Sementara di Teluk Bintuni berdasarkan keterangan dari H Umar Barawiri, Kepala Depag Kabupaten Teluk Bintuni, Islam sudah ada beberapa abad yang lalu. Sampai sekarang mereka masih hidup dan tetap pada prinsipnya, mengimani pada Islam. Aturan-aturan yang diajarkan Alquran dan Sunnah juga masih mereka pertahankan. Dakwah di sana juga terus berjalan. ”Sekarang kami berupaya bagaimana ke depan sinar-sinar Islam itu bisa bersinar di seluruh daerah di Bintuni, ” ujarnya. Caranya, dengan membangun lembaga pendidikan seperti pesantren dan madrasah.
Antara Nu Waar – Papua dan Irian
Nama Nu Waar yang identik dan berbau Islam berusaha digeser dan diganti oleh para misionaris serta penjajah yang datang belakangan ke bumi cenderawasih. Penjajah pada akhirnya memang berhasil mengganti dan mempopulerkan Nu Waar dengan nama baru Papua. Nama papua sendiri bukanlah nama yang baik mengingat papua artinya orang yang berkulit hitam yang gemar melakukan kriminal.
Ketika Nu Waar dibawa kepangkuan Republik Indonesia maka Presiden Soekarno lantas mengubah Papua menjadi Irian, nama Irian memang lebih disukai namun irian sendiri sebenarnya kurang pas karena bermakna kelompok masyarakat yang tak berbusana. Pada saat itu Irian Jaya menjadi Propinsi ke-26 dan Bagian Integral dari Negara Kesatuan Republik Indonesia.
Antara Dakwah dan BudayaPara misionaris-misionaris kristen mengajarkan mandi dengan cara melumuri badan dengan minyak babi, para misionaris kristen dengan dukungan dari pemerintah berusaha mempertahankan adat dan tradisi jahiliyyah di wilayah tersebut. Upacara-upacara kemusyrikan dan busana yang tidak islami termasuk koteka dipertahankan dengan dalih pelestarian budaya. Fakta inilah yang menjadikan Kristenisasi di bumi Nu Waar berjalan pesat dibandingkan dengan laju dakwah.
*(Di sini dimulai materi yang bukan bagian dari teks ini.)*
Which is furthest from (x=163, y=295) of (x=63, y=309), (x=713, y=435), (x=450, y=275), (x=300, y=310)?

Semasa menjabat menteri kemakmuran Dr. Mohammad Natsir mengeluarkan gagasan brilliant sebagai langkah percepatan pembangunan di propinsi – propinsi yang tertinggal sekaligus mengurangi kepadatan penduduk di Pulau Jawa melalui program transmigrasi. Belakangan ketika Pak Natsir dicekal dari politik dan pemerintahan maka Pak Natsir melalui Dewan Dakwah Islamiyah Indonesia (DDII) secara konsisten menerjunkan para dai – dai muda di daerah transmigrasi termasuk ke Bumi Nu Waar.
Ustadz Fadlan berjuang dan berdakwah ditengah-tengah kaumnya Tempat yang pertama kali dikunjungi adalah lembah Waliem, Wamena. Dengan konsep kebersihan sebagian dari iman, Fadlan mengajarkan mandi besar kepada salah satu kepala suku. Ternyata ajaran itu disambut positif oleh sang kepala suku. Baginya mandi dengan air, lalu pakai sabun, dan dibilas lagi dengan air sangat nyaman dan wangi, jelasnya. Ia Juga mengajarkan kebersihan, dialog dengan apa yang mereka pahami, pergi ke hutan rimba, dan membuka informasi. Dengan dakwah yang sudah dijalankannya selama 19 tahun ini, banyak orang yang masuk Islam di sana. Tercatat 45% warga asli memeluk agama Islam. Jika ditambah dengan para pendatang, maka pemeluk Islam sebanyak 65% dari seluruh manusia yang ada di pulau burung tersebut.